Purpose of Seeking Information
Bronstein (2008) has explained that searching for information in order to satisfy an information need is a primary activity of everyday life. People seek information to broaden their understanding of the world around them and to pursue their professional and personal goals. Respondents were asked to mention their purpose of seeking information. Majority of them opined that they always seek information for case preparation (mean= 4.87), they frequently seek information for service and profession requirements (mean= 4.33). Most of the respondents showed that they sometimes seek information for improving their personal competencies, general knowledge or current awareness (mean= 3.06) for guiding and supporting the research work (mean= 2.63) for workshops and seminar presentations (mean= 2.73), to carry out administrative work (mean= 2.86), for leisure reading only (mean= 2.91), while few of the respondents mentioned that they seldom seek information for writing a book or article (mean= 1.61) (Table 5).
Source of Acquiring Information Resources
According to the acquired results, respondents mentioned that they seldom get information from online databases (mean= 1.72), sometime from other libraries (mean= 3.22). Majority of the respondents opined that they always acquire information from their district bar library (mean= 4.56). Most of the respondents opined that they frequently acquire information from senior lawyers (mean= 4.04), through purchase/personal collection (mean= 3.62), through decided cases from judicial record room (mean= 3.64).
Activities Performed in Case of Urgent Need of Information
Respondents were asked to mention the activities they usually perform whenever they have an urgent need of some information. Most of them mentioned that they search their personal collection (n= 51), use law digest (n= 54), use the library (n= 50), consult with senior lawyers (n= 44), PLJ (n= 48), PLD (n= 36), consult law dictionaries and encyclopedias etc. (n= 28), visit or phone any expert person (n= 27), use electronic resources (n= 2).
Time spent per-week in information seeking activities
Most of the respondents mentioned that they spend 4-6 hours per week in reading law digest (mean= 1.75), scanning law journal/PLJ articles (mean=1.71) and internet searching (1.75). They mentioned that they spend more than 7-9 hours per week in reading judgments (mean= 1.44), and handling court cases/hearing (mean= 1.30).

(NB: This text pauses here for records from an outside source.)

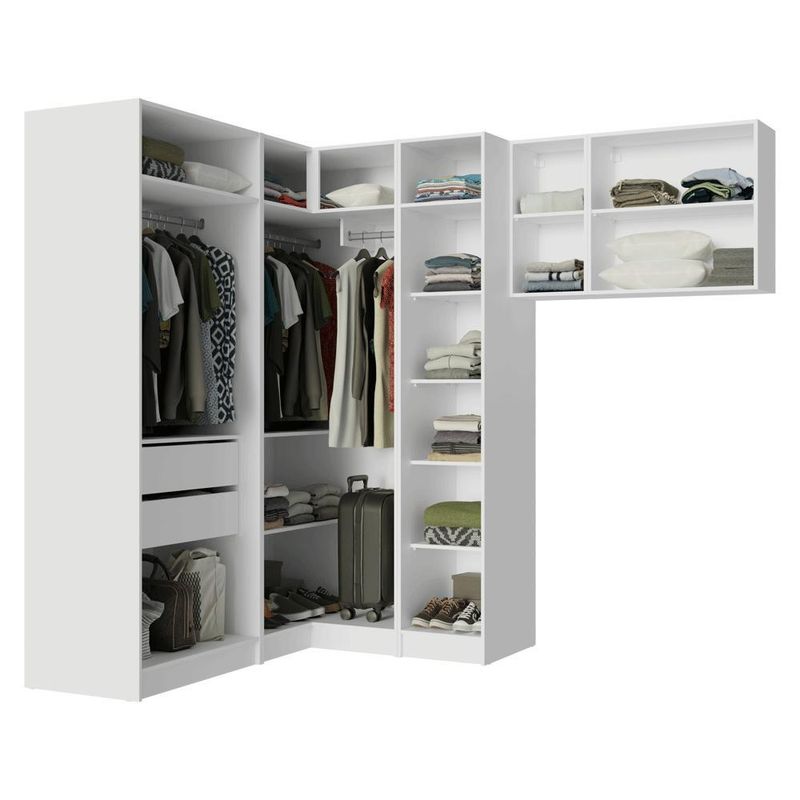 Quarto completo solteiro de canto 415 cm branco neo madesa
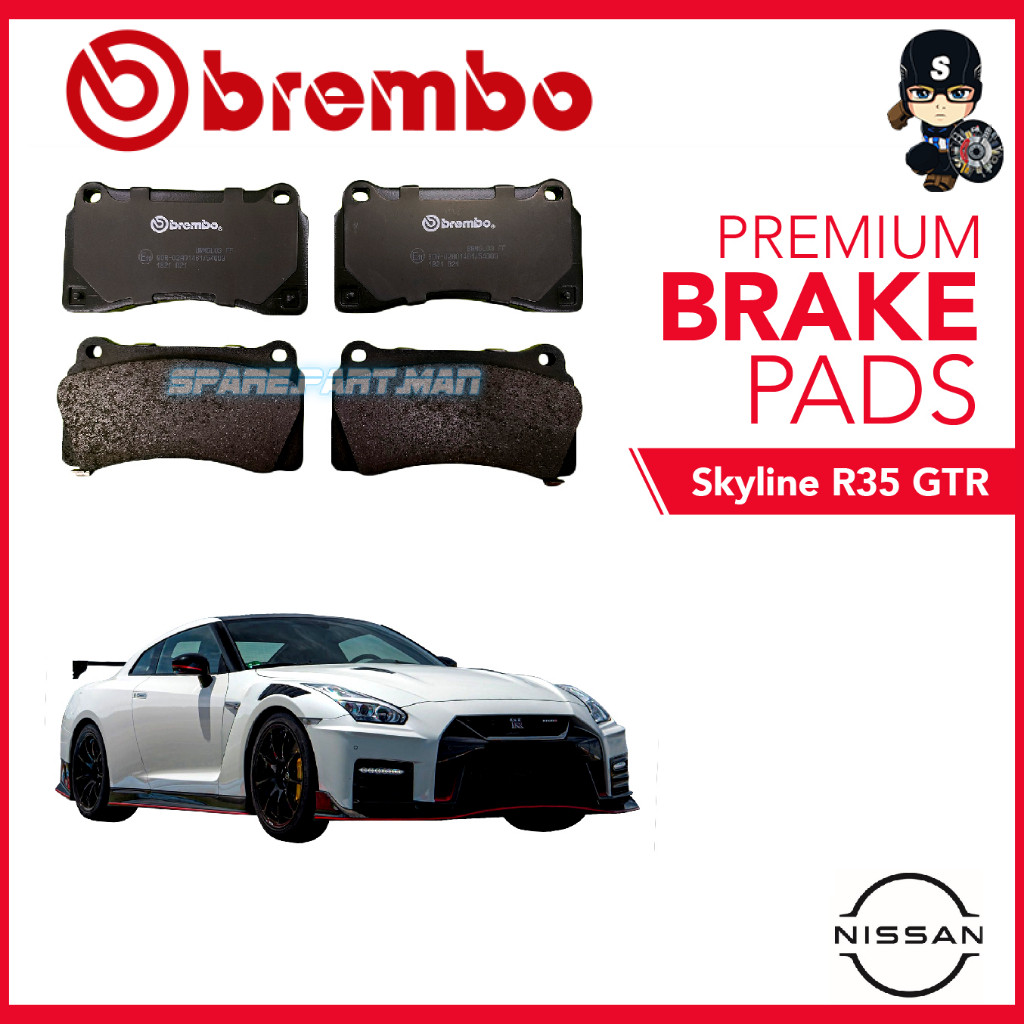 BREMBO ผ้าเบรคหลัง Nissan Skyline R35 GTR (H:71.7mm)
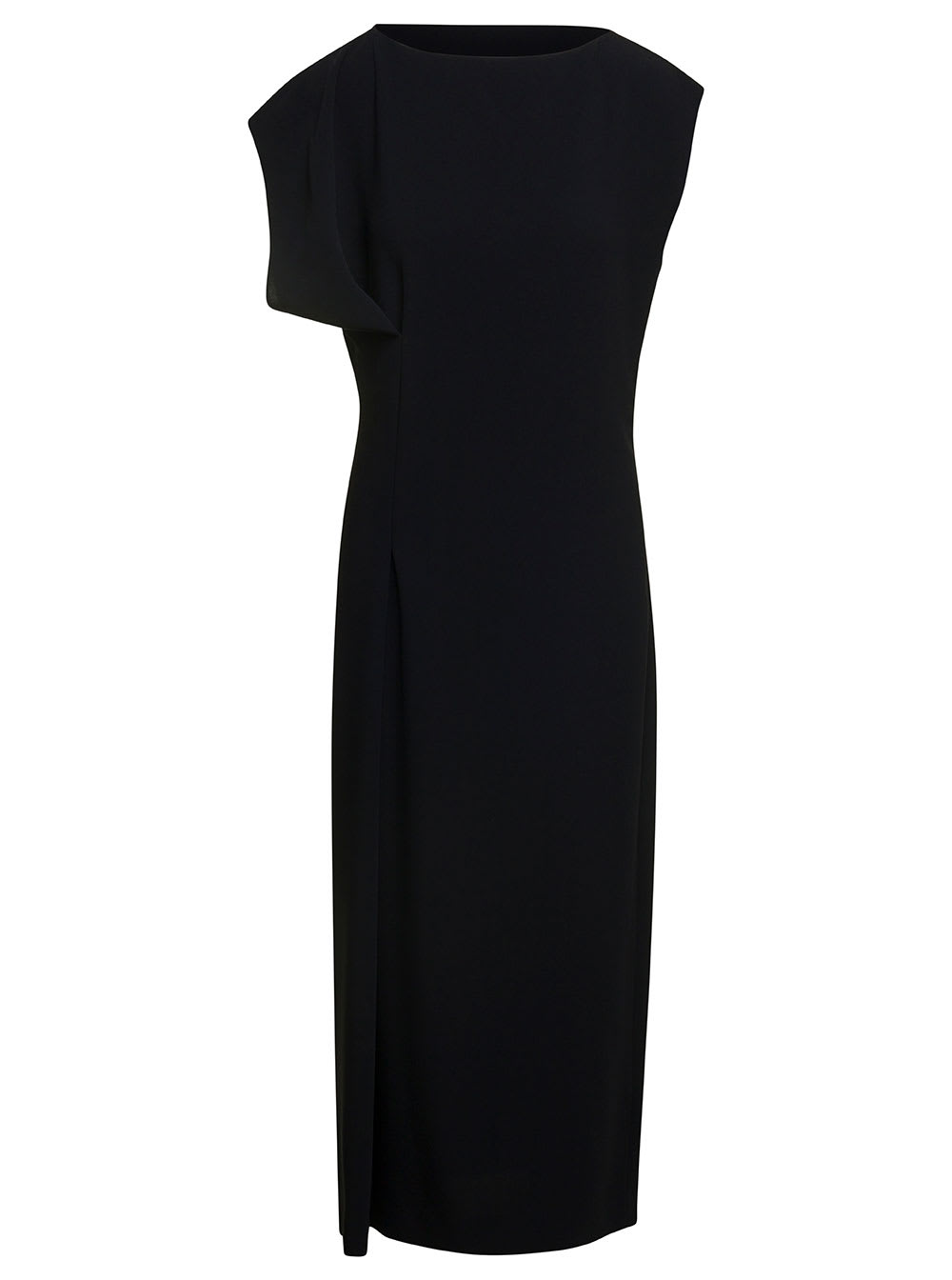 Shop The Row Blathine Long Asymetric Black Dress With Concealed Zip Closure In Triacetate Blend Woman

Preferred Language for Reading Material
Respondents were asked to mention their preferred language for reading material. They pointed out English as their most preferred language (mean= 3) (Table 9).
Preferred Format for Information
Descriptive statistics given in the Table 10 reveal that they most prefer print format (mean= 2.91), while they less prefer electronic (mean= 1.38), audio/visual (mean= 1.17), and microform formats (mean=1.16).

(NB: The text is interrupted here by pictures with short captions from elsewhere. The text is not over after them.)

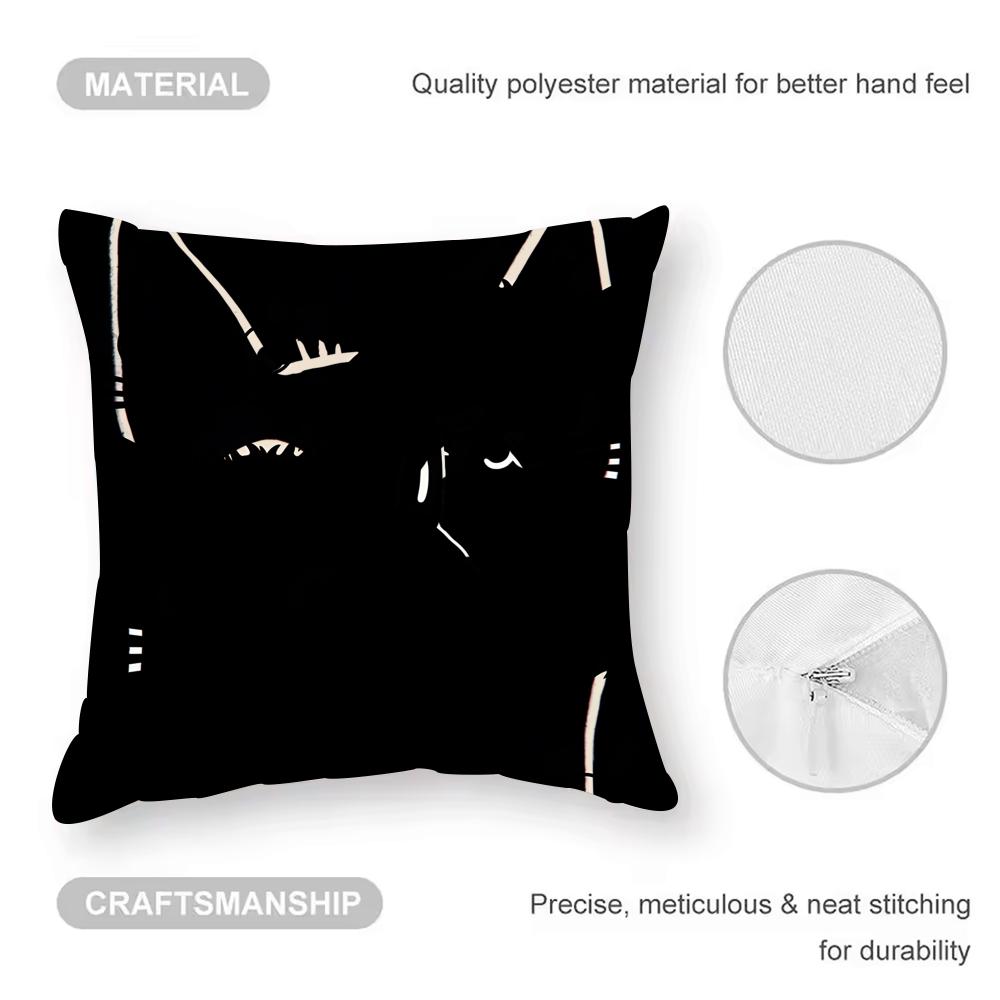 New Little Black Cat Cute Couple Cushion Cover Anti-dustmite Pillowcase Invisible Zipper Silky Short Plush Sofa Cushion Cover
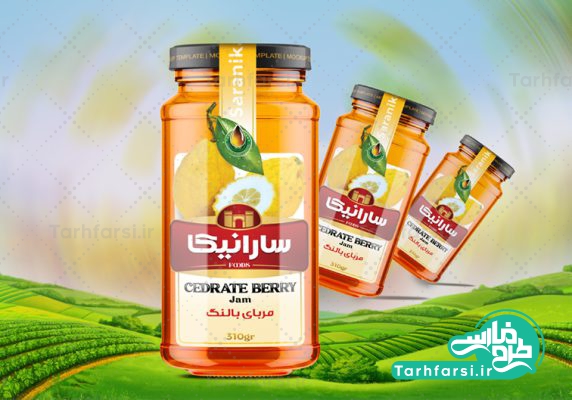 لیبل مربای بالنگ شیشه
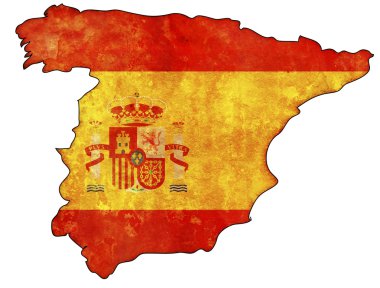 Spain flag on territory clipart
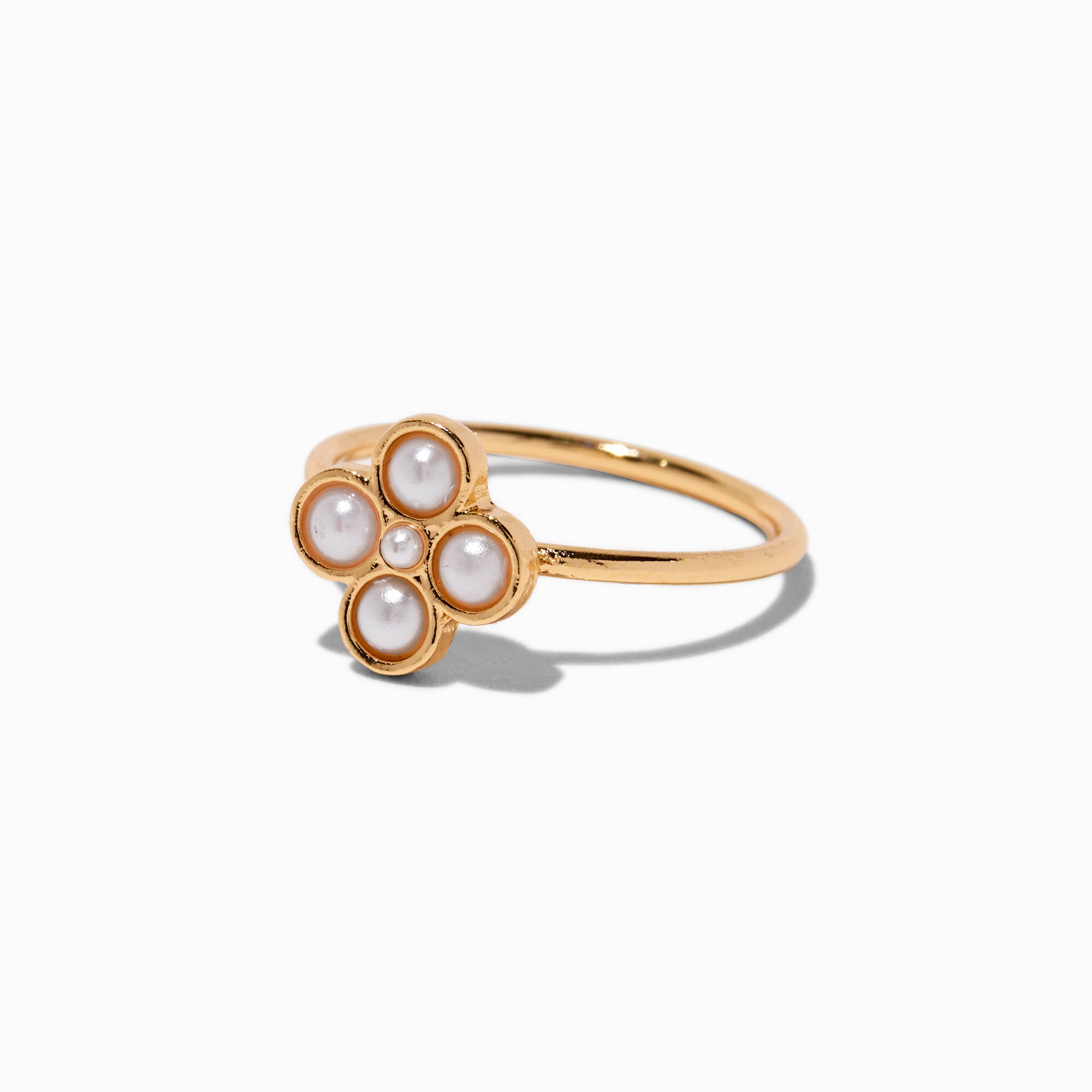 Gold-tone Pearl Clover Ring,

Impact of Information and Communication Technologies (ICT) on Information Needs and Seeking Behavior
ICT tools can be used to find, explore, analyze, exchange and present information responsibly and without discrimination. ICT can be employed to give users quick access to ideas and experiences from a wide range of people, communities and cultures (Wikipedia 2010). Respondents were asked to mention how ICT has affected their information seeking & gathering habits. The results show that most of them opined that to some extent ICT has changed their information seeking & gathering habits (n= 40), only three of the respondents accepted that ICT has changed their information seeking habits (n= 3), (Table 11).
Use of Different Information and Communication Technologies (ICT) for Seeking Information
The increasing use of technology in all aspects of society makes confident, creative and productive use of ICT an essential skill for life. ICT capability encompasses not only the mastery of technical skills and techniques, but also the understanding to apply these skills purposefully, safely and responsibly in learning, everyday life and employment (Nikeditor 2009). Respondents were inquired to mention the type of Information and Communication Technologies used by them for seeking information. It was found that most of them were using telephone (n= 53) and atmospheric communication technologies/Radio/TV (n= 29). They were also using online PLD & PLJ (n= 15), internet search websites (n= 6), e-mail (n= 2), online chatting (n= 3) (Table 12).
Impact of ICTs on Information Seeking and Gathering Process
Information Communication Technology (ICT) is on the lips of every nation of earth because it brings innovation into information seeking and knowledge. ICT plays an immense role in information searching, generation, processing, storage/retrieval, dissemination and even entertainment (Objoha, 2005). Most of the respondents opined that ICT has made information seeking and gathering process easier for them (mean= 3.88) (Table 13).
According to Kinshuk & Patel (1997)the Internet provides an infrastructure that supports unprecedented communication capabilities and collaboration opportunities. It offers a vast store of information that can be accessed in a structured manner. Use of internet was inquired from the respondents, it was discovered that only few of the respondents (n= 11) use internet while majority of the respondents do not use internet (n= 39).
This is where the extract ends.